おすがり地蔵尊秘話(12)
- カテゴリ:自作小説
- 2018/02/13 13:04:46
例の毒を科学する本のことから始まった妻との喧嘩。娘の家に行ったきりで秀子が帰ってこないこと、先日、娘の夫である前島健太がやって来て、妻の秀子が精神的に不安定になって離婚したいと言ったことなどを詳らかに説明した。
「あんた。それは普通の夫婦喧嘩ですがな、なにも心配することいりません。私の亭主は5年前にガンで亡くなりましたが、そら、亭主と、よう喧嘩しました。口喧嘩だけと違いますで。ほっぺた、はたいて投げ飛ばしてやりました。それでも、喧嘩をやるだけやったら、後は、ええ間柄になりました。それなのに、ガンとだけは仲直りできませんでした。離れ部屋で、のんびり生活してはった、お爺さんは白寿まで生きられたのに倅はガンになって、親より早く死ぬなんて不幸もんでした。」
私は老婆の身の上話を聞いて、勇気づけられた。何も、小説なんか書けなくてもいいわけであって、もっと、秀子のことを真剣に考えないといけないと感じた。

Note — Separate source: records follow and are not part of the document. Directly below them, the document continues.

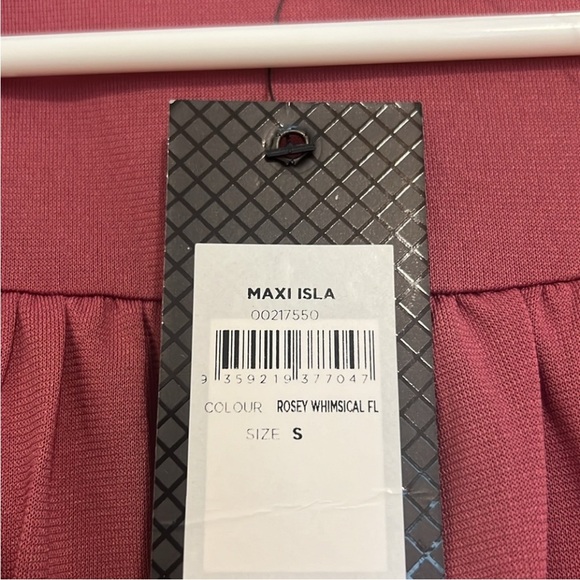 City Chic Blush Floral Maxi Dress - Picture 8 of 12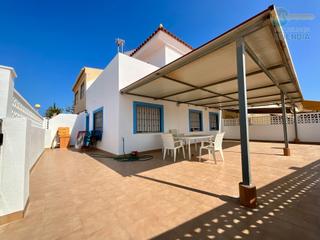 Dúplex a Bahia. Precioso duplex con amplia parcela a tan solo 400 metros de la p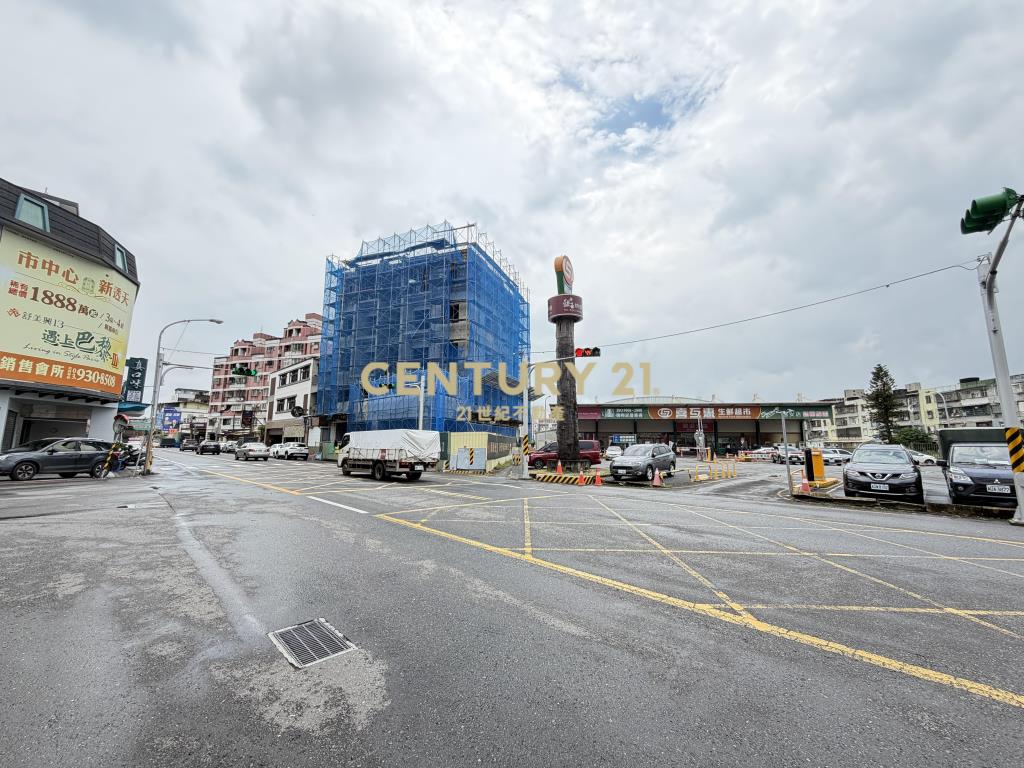 DG072宜蘭東區大面寬文青店面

「目から鱗です。私の我がままさえ辛抱すれば、仲直りできますから、もう一度、考え直さないといけません。」
「そらねー。奥さんが、そこまで考えておられるということは根が深いかもしれませんよ。ずーと以前から夫に不満をもっておられて、積もり積もったところで毒の本でしょう。一気に、日頃の憤懣が膨れ上がったのかもしれません。女って、そういうものなんですよ。普段は辛抱しているけれども、ちょっとしたことで、これまでの不満がいっぺんに爆発するんです。」
老婆は日頃から会話に飢えているのかもしれない。話し出すと自分の経験を混ぜ込んで、本人の過去の経験が噴き出すように喋り続けるのであった。私は離れ部屋の賃貸物件の下見に来ただけなのに、この貸主のお婆さんに捕まって、私の人生相談をしてもらっているような錯覚を覚えた。
「そろそろ、どうでしょうか。離れ部屋の件ですが。」
ここで横谷青年が口を挟んだ。タイミングを狙っていたのだ。私は横谷の言葉に気分がほっとした。
「ああ、下見にこられたんや。ころっと忘れるところでした。木原さんと仰いましたね。1カ月くらい、ここで暮らされたら、どうですか。気分転換になると思います。静かなところですので書き物も進みますから。それに、きっと、奥さんが、どんな暮らしをしているのかと訪ねて来ると思います。予言みたいな言い方ですが、わたしのね、八卦はよく当たるのです。」
老婆は冗談を言いながらも、私に離れ部屋を貸し出す戦略に出てきた。
気が合う とは、ほんとに、気が合うのだろう。
ブラックビスケッツの「タイミング」。